▶ _ASSIGNMENT_
Print exactly the lines of the listing below from the one containing "Transport Chair Rolling" through the final line, both included, and no pictures.

▶ _SUPPLIED INFORMATION_

━━━━

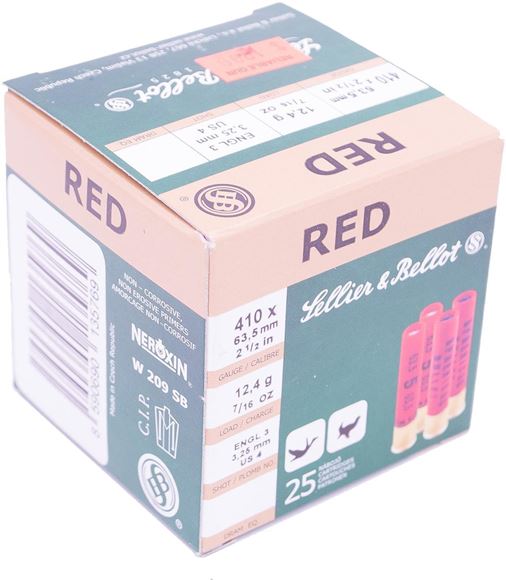 Picture of Sellier & Bellot Hunting Shotgun Shells - Red, .410, 2-1/2", 7/16oz, #4, Lead, 25rds box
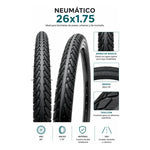 Neumatico Bicicleta Aro 26 X 1.75 Liso Plegable Respuesto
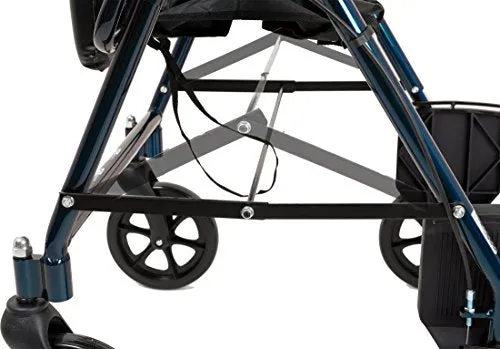 Transport Chair Rolling Walker with 6-inch Wheels, Adjustable, Backrest, Padded Seat (250 lb limit)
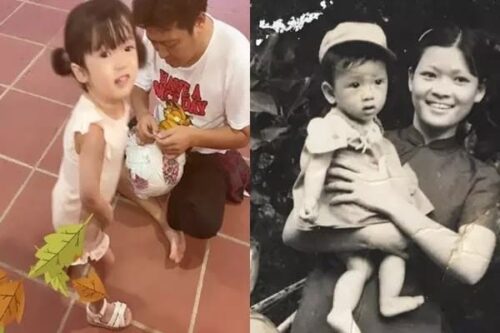 Đặt ảnh thơ ấu Trường Giang bên con gái, dân mạng bất ngờ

━━━━

▶ _SOLUTION_
 Transport Chair Rolling Walker with 6-inch Wheels, Adjustable, Backrest, Padded Seat (250 lb limit)
 Đặt ảnh thơ ấu Trường Giang bên con gái, dân mạng bất ngờ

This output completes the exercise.